Andrea Francesco Castelli, Partner at PedersoliGattai
Moreover, with interest rates predicted to reduce further in 2025, the average size of transactions will likely increase. This will make higher value office investments more viable.
Regulations in urban development
Urban development is fundamental to Italy’s real estate market. However, it faces significant regulatory hurdles and growing calls for reform.
The “Salva-Milano” investigation highlights challenges in Milan’s urban planning landscape. This aims to clarify urban planning regulations and address obstacles that have stalled construction projects. Although not yet concluded, it’s seen as a pivotal step for Milan’s real estate market. “Depending on the direction of the Salva-Milano, it could help or hinder urban development projects,” notes Castelli.
At the same time, there’s a demand for urban planning reform. Italy’s current planning framework dates back to the post-World War II era. Because of this, it’s designed to accommodate fast-growing populations and new developments. Today, however, the focus is shifting toward more sustainable and efficient urbanization.
“Depending on the direction of the Salva-Milano, it could help or hinder urban development projects.”
Andrea Francesco Castelli, Partner at PedersoliGattai
New sustainability mandates for logistics
The urban development regulations are tied to a growing focus on environmental, social, and governance (ESG) factors. This is more relevant in the medium and long term and will be a key consideration for investors in the coming years.
As the logistics sector grows, particularly in urban areas with limited space, it will need to reduce its carbon emissions to align with global sustainability goals. With greenfields becoming increasingly limited, the focus will shift to developing brownfields to minimize environmental impact. “The push for sustainability comes from two main factors,” says Benedetto. “One is from the users of the spaces, and the second is the increasingly strict European regulations.”
Lombardy, in Northern Italy, has partnered with the Italian Ministry of the Environment to develop a strategy for sustainable development. This has been introduced to address growing concerns over land use and environmental impact. Castelli adds, “Areas that already exist and need to be cleaned, decontaminated, or demolished will lead to logistics rents continuing to rise, potentially limiting supply.”
“The push for sustainability comes from two main factors: one is from the users of the spaces, and the second is the increasingly strict European regulations.”

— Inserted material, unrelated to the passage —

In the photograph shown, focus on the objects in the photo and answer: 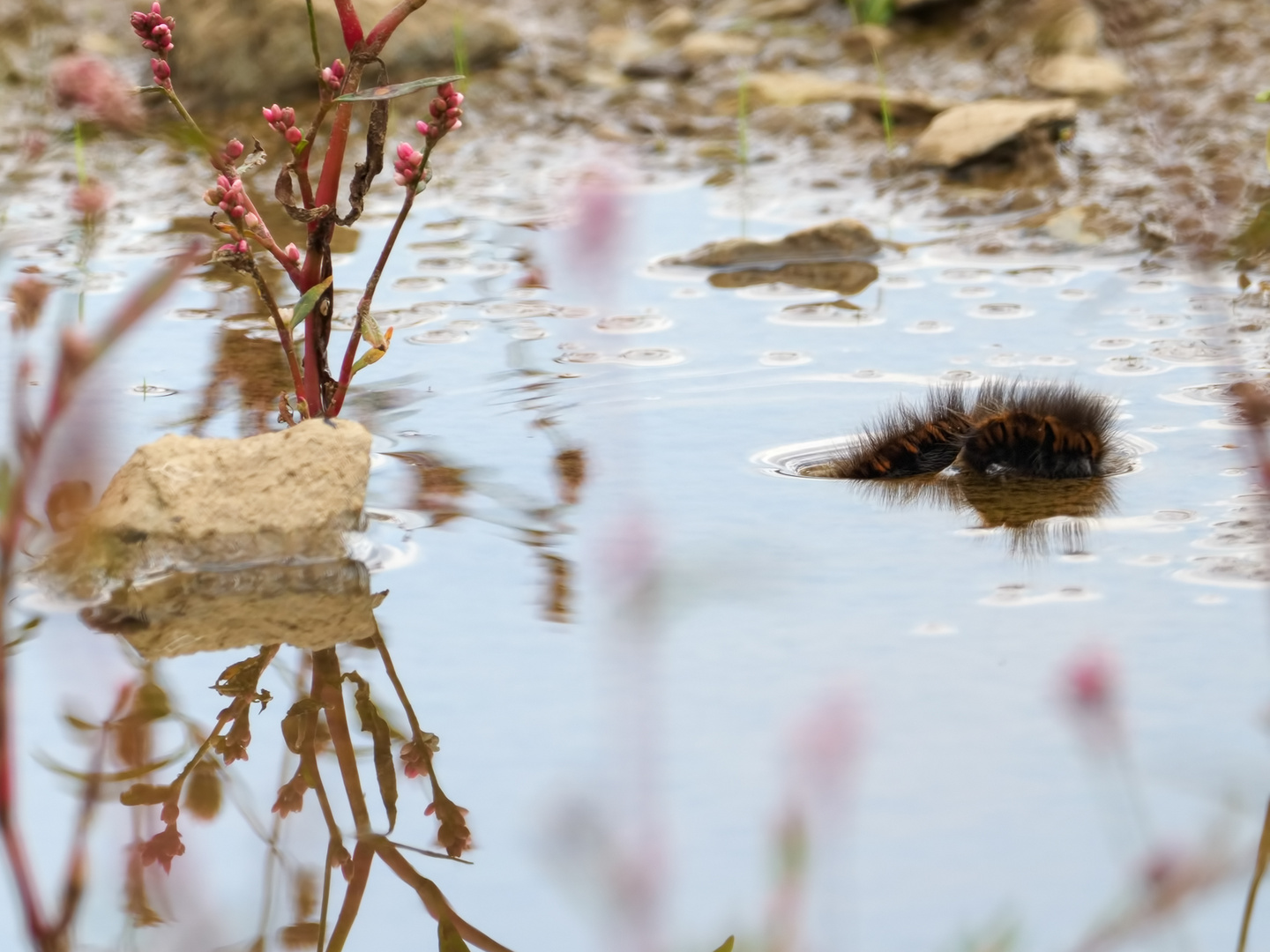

Paolo Benedetto, Chief Strategy & Development Officer at IPI
This shift shows that the future of Italian real estate will be heavily influenced by ESG factors. As sustainability becomes a higher priority for investors, the demand for energy-efficient, low-carbon developments will increase.
The road ahead for Italian real estate
Italy’s real estate market is recovering, with rising investment volumes and improved financing conditions. Key trends such as the growth in retail transactions, the need for urban development reform, and an increased focus on sustainability are reshaping the sector.
As interest rates decrease further and regulatory changes take shape, Italy’s real estate market is poised for expansion, though significant challenges remain.